Gearing up inspections



The steam tractor that exploded in Medina would not have been allowed here, Trumbull County club members say.
By STEPHEN SIFF
VINDICATOR TRUMBULL STAFF
JOHNSTON -- Steam engines on display at the annual Trumbull County Antique Steam and Power Association show this weekend have been taken apart, inspected and reinspected.
They are safe, association officials maintain.
Still, the three working steam models will be set apart from the rest of the 100-plus tractors at the show Saturday and Sunday at Johnston Township Park.
And they may be idled altogether if many showgoers express concern in the wake of the steam-powered tractor explosion at the Medina County Fair last month, which claimed five lives and injured about 50 people.
"We don't want to scare anybody away," said Chuck Dyson, director of the show.
Stringent requirements: Association inspection requirements, club officials say, are among the most stringent in the state and there has been a clean safety record at local shows.
"Basically, the state has the policy that if you have an antique engine and are crazy enough to use it, they don't care," said Hank Marsilio, owner of Eager Boiler Service in Youngstown, who helped establish the Trumbull County association's procedures.
"It is essentially up to the people who run the shows."
For many members of the Trumbull County Antique Steam and Power Association, the show season begins at the Trumbull County Fair, goes on to the Geauga County Historical Engine Society show in Burton and ends with the Johnston show this weekend.

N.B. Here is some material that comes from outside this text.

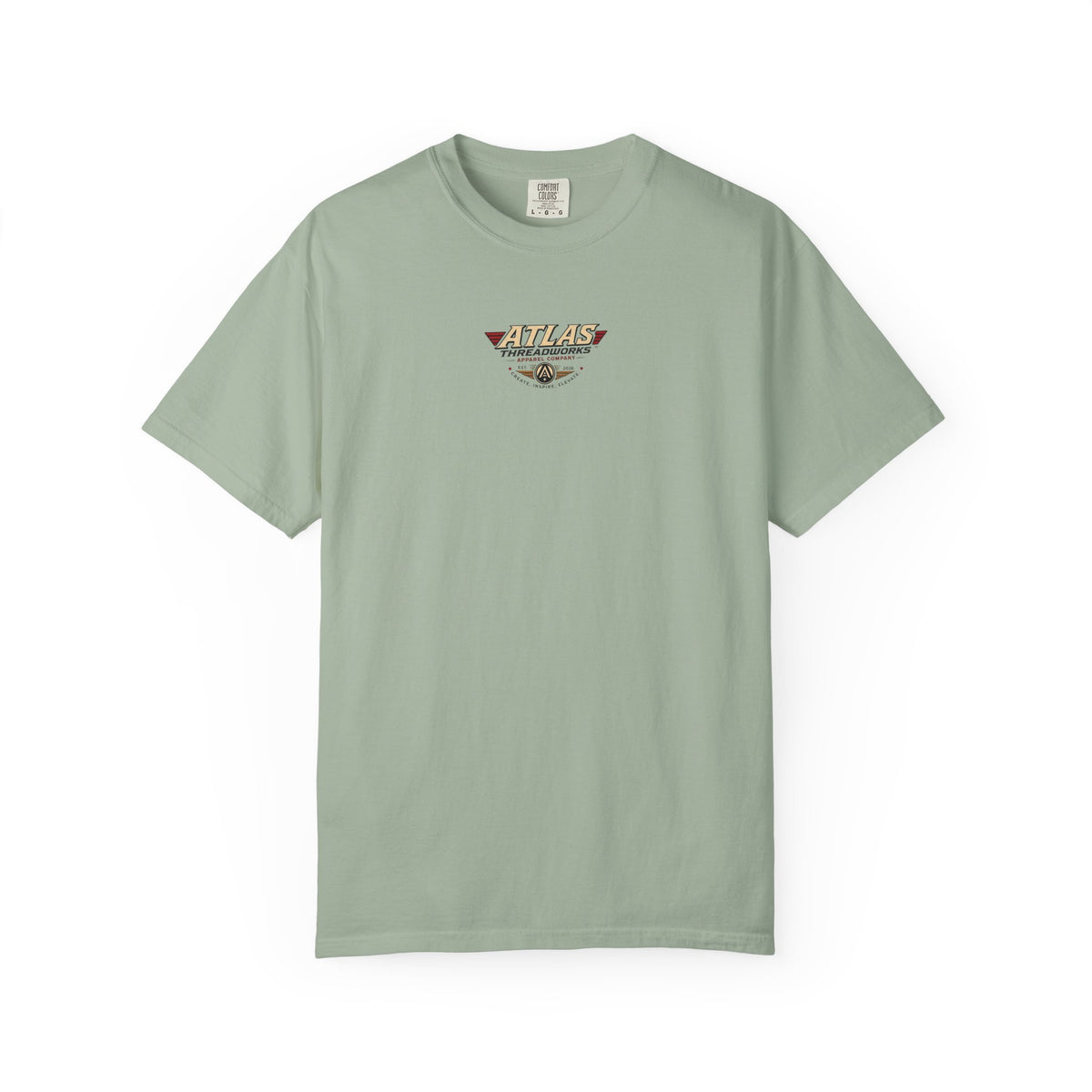 Atlas Threadworks Scenic T-Shirt — Vintage Canyon Graphic Tee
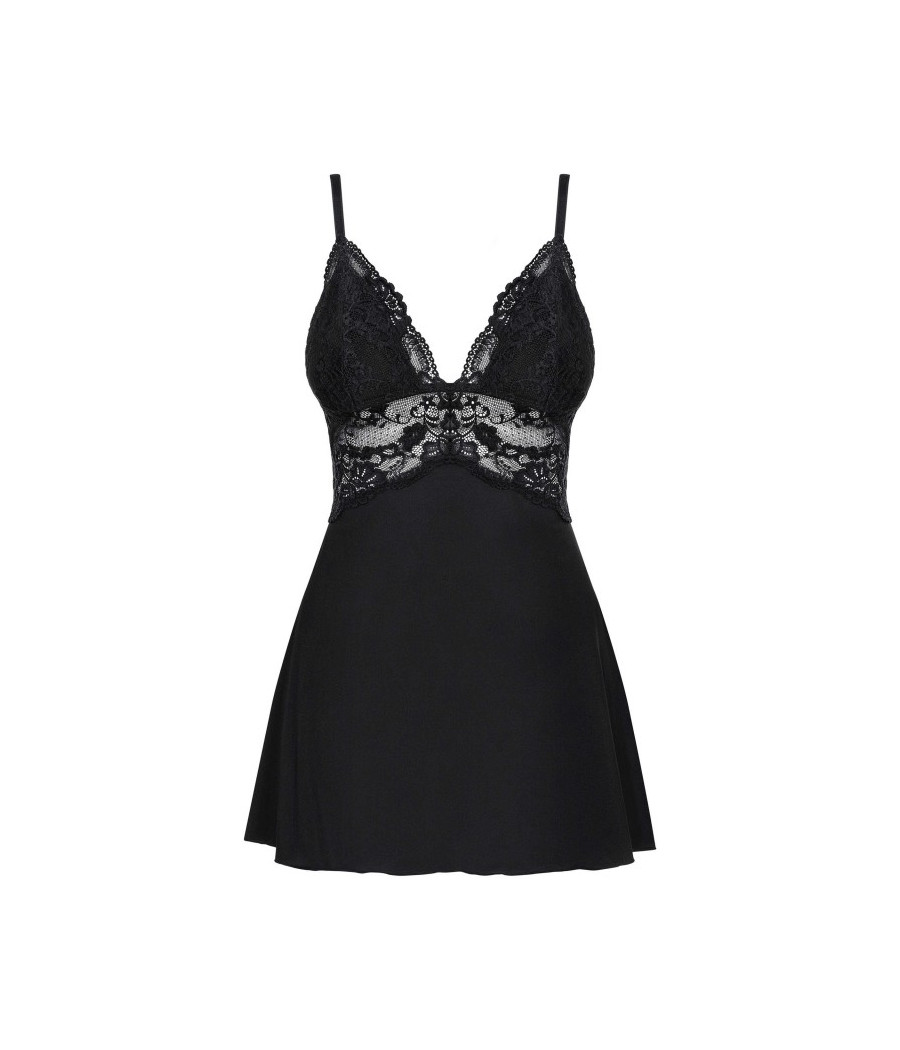 810-BAB-1 Babydoll - Noir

Precautions taken: Before the start of the season, The Trumbull County association disassembles each steam engine that is going to run at any of the shows.
They are inspected inside and out for rust or cracks, safety valves are tested and the strength of the boiler walls is measured with an ultrasonic device.
Inspectors from the association also assess the owner's competency to run the device.
Boiler safety valves are also tested before each show, Marsilio said.
One tractor at the Trumbull County Fair was shut down, even though it posed no danger, because of a crack in a pipe outside the boiler, he said.
"There was a lot of effort to make sure the equipment was in good safe and working order," he said.
Wouldn't have passed: The steam tractor which blew up at the Medina County Fair would not have passed the inspections required here, said Marsilio, who was called in to help investigate that accident by the boiler division of the state Department of Industrial Relations.
"I believe a complete inspection ... should have found there were problems," he said. "There is a lot of unsafe equipment out there."